Ce rendez-vous en visio du 8 mars, elles ne pouvaient pas le manquer. Coralie, Ingrid, Françoise, Régine et Sophie arborent un accessoire bleu (thème du jour) et discutent du livre Divorcée et joyeuse ! Ou comment survivre au divorce, autobiographie optimiste d’Anne Roumanoff qui dédramatise la séparation. L’humoriste a voulu partager son histoire, c’est un peu ce que font nos cinq Axonaises, mais sans public.
Créer du lien en dehors de l’exploitation
Elles sont membres du groupe Histoires de femmes de Thiérache, territoire rural à la frontière de la Belgique, initié par la MSA de Picardie. Depuis 2019, elles sont une quinzaine à se retrouver régulièrement, quand elles le peuvent, avec un seul but : prendre du temps pour elles. Quand on est agricultrice, ce n’est pas une mince affaire. « Ça permet de s’ouvrir et de prendre confiance en soi, témoigne Ingrid, exploitante en polyculture-élevage. Et de faire des activités que je n’aurais jamais entreprises autrement ! On sort de nos salles de traite, on se vide la tête pendant une heure. » « J’avais besoin de voir du monde, d’avoir un lien social, confirme Françoise, salariée sur l’exploitation de vaches laitières de son mari. Notre sortie principale, c’est la randonnée, on peut facilement se promener par chez nous, et c’est gratuit. On voit du paysage et on discute, comme j’aime beaucoup parler… ! »
Outre les balades dans le bocage verdoyant de la Thiérache, cette équipe très soudée a pu participer à nombreuses animations : visite d’une chèvrerie, fabrication de produits naturels, de couronnes de Noël, initiation au crochet, à la coiffure, la sophrologie, massage assis… « J’ai voulu mettre en place ce groupe car j’ai pu constater ce besoin de créer du lien en dehors de l’exploitation, explique Yasmine Patat, travailleur social qui les accompagne depuis deux ans. Elles sont exploitantes, conjointes-collaboratrices, salariées, femmes de salarié ou d’exploitant, retraitées… »

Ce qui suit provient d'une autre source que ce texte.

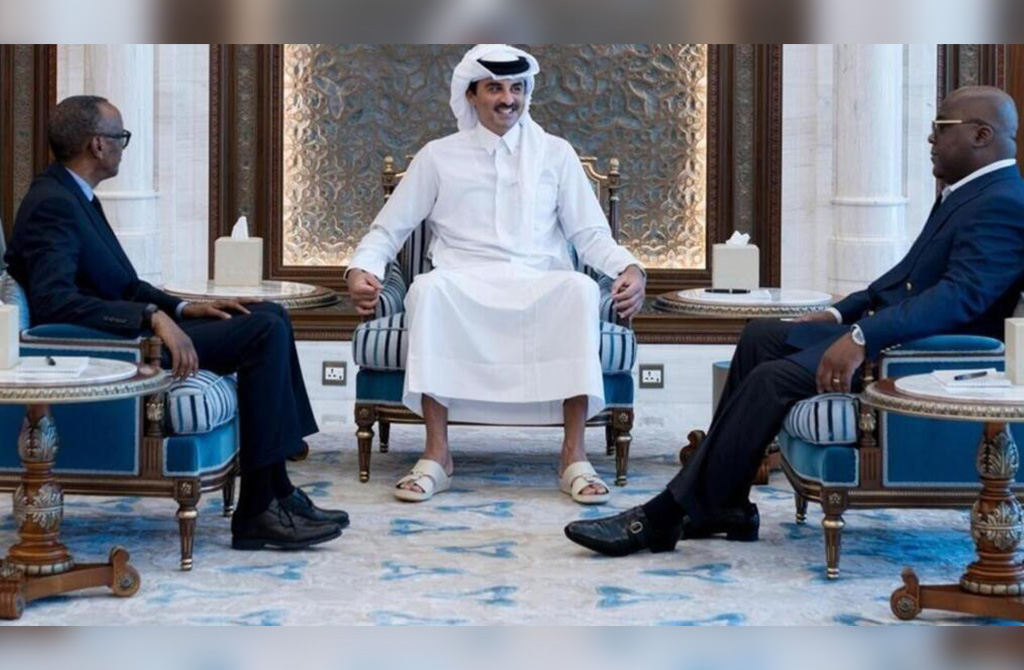 RDC : L’accord de Doha face à l’épreuve du terrain, entre espoir de paix et réalités conflictuelles.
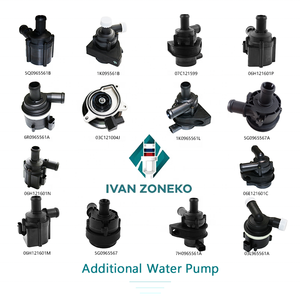 IVAN ZONEKO excellent <span class=keywords><strong>prix</strong></span> chine top qualité De Refroidissement Pompe À Eau Auxiliaire 059121012A 059 121 012 A pour Audi A4 Allroad - Product Image 1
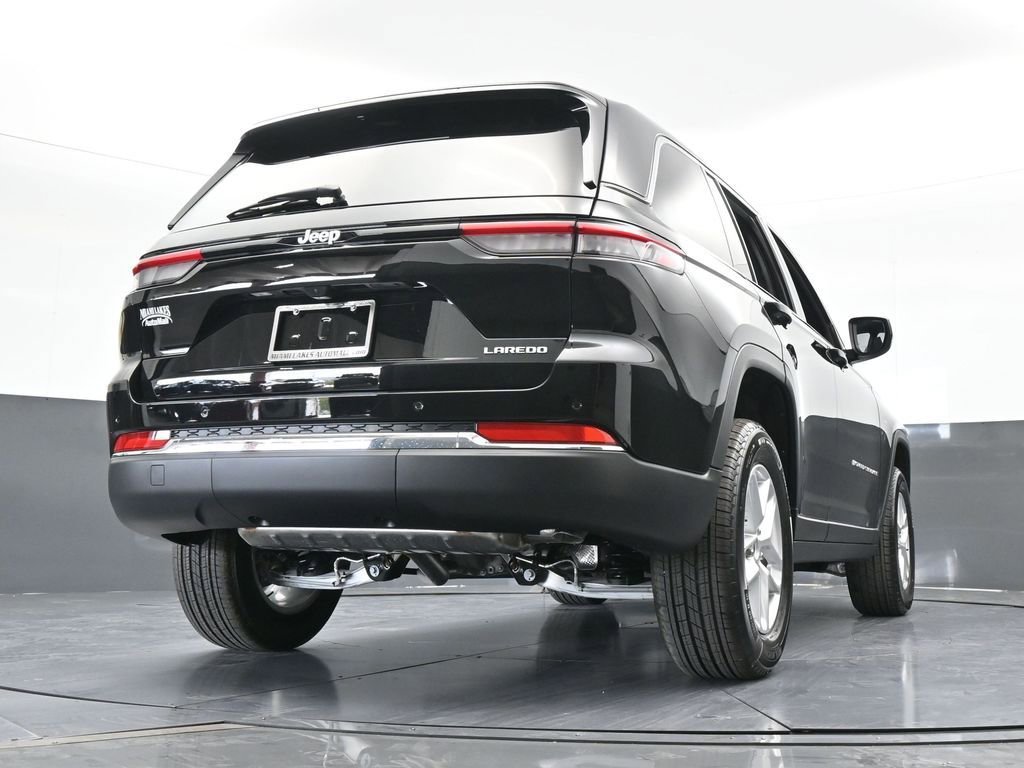 New 2026 Jeep Grand Cherokee Laredo X image 57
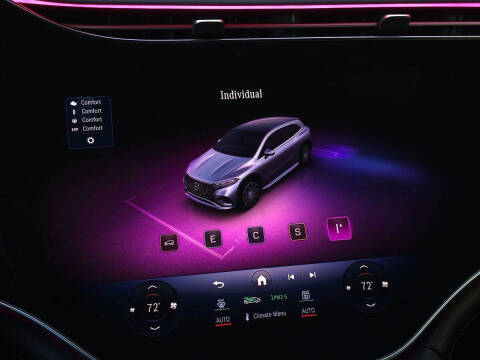 2023 Mercedes-Benz EQS EQS 580 4MATIC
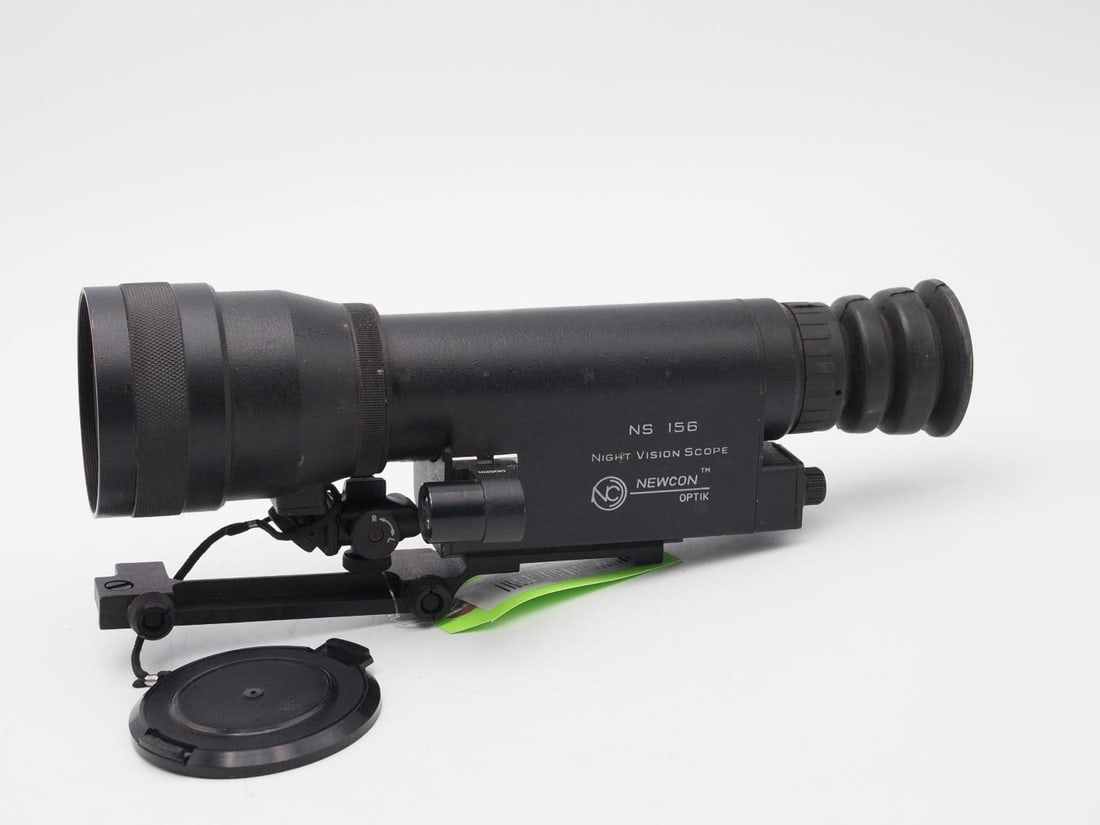 Newcon Optik NS 156 Night Vision Scope - 4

Sorties, ateliers manuels, bien-être…
Se permettre un peu de légèreté
« C’est ouvert et chacune vient avec son histoire, continue Yasmine Patat. L’objectif est aussi d’améliorer leurs conditions de vie, leur bien-être, leur place. Malgré la crise on rebondit car c’est un groupe dynamique et le besoin est là. C’est pour cela que j’ai proposé de faire des visios. Elles ont répondu présentes et apprécient de garder le lien, de partager leur ressenti. Ça leur manquait. Elles fourmillent d’idées et sont toujours partantes, rien ne les arrête ! »
« Je vois des femmes travailleuses, investies, ça me donne du punch de voir leur dynamisme ! » Jeune retraitée, Régine est également élue MSA, ce qui lui permet de faire le lien avec les actions de la MSA, auprès des seniors par exemple. « Ces réunions m’apportent un grand bien, ça nous permet aussi d’affirmer notre statut, car si on n’est pas exploitante on est moins reconnue. Ici on se sent toutes dans le même bateau, c’est important pour valoriser de notre travail. »
La bienveillance est le maître-mot de ces superwomen de l’ombre : « Pendant un moment, on peut se permettre un peu de légèreté, ajoute Sophie qui a été conjointe collaboratrice pendant vingt-cinq ans. Et on échange sans tabou ; le jour où l’une d’entre nous en a marre, elle sait qu’avec nous elle peut se lâcher, on est à l’écoute, sans jugement. C’est hyper important d’avoir un endroit où on peut lâcher les émotions. » Coralie, exploitante en polyculture élevage bio, en atteste : « On quitte le statut d’agricultrice, de femme d’exploitant, de maman… On ne pense qu’à nous, pour une fois. On recharge nos batteries pour mieux rebondir ensuite. »
Un Bol d’air
L’idée de créer du lien social sur le territoire s’est concrétisée depuis cinq ans avec la création du groupe Bol d’air, où plusieurs membres d’Histoire de femmes se sont rencontrées. Une réflexion engagée avec des participants d’un atelier Avenir en soi, afin de lancer des actions autour du répit. Ouvert à tous, Bol d’air organise notamment chaque année une sortie en groupe de 30 à 40 personnes : visite du Marquenterre, d’une brasserie ou encore rencontre avec le fabricant des délices de Cambrai. Tous les deux mois, les habitants se retrouvent également pour un bowling, afin de passer un bon moment et recharger, là aussi, leur batteries pour quelques heures.
Quant à Histoires de femmes, d’autres territoires de la MSA de Picardie le mettent en place, comme dans la Somme et prochainement dans l’Oise. Chaque groupe est accompagné pendant trois ans par la MSA, avant de voler de ses propres ailes.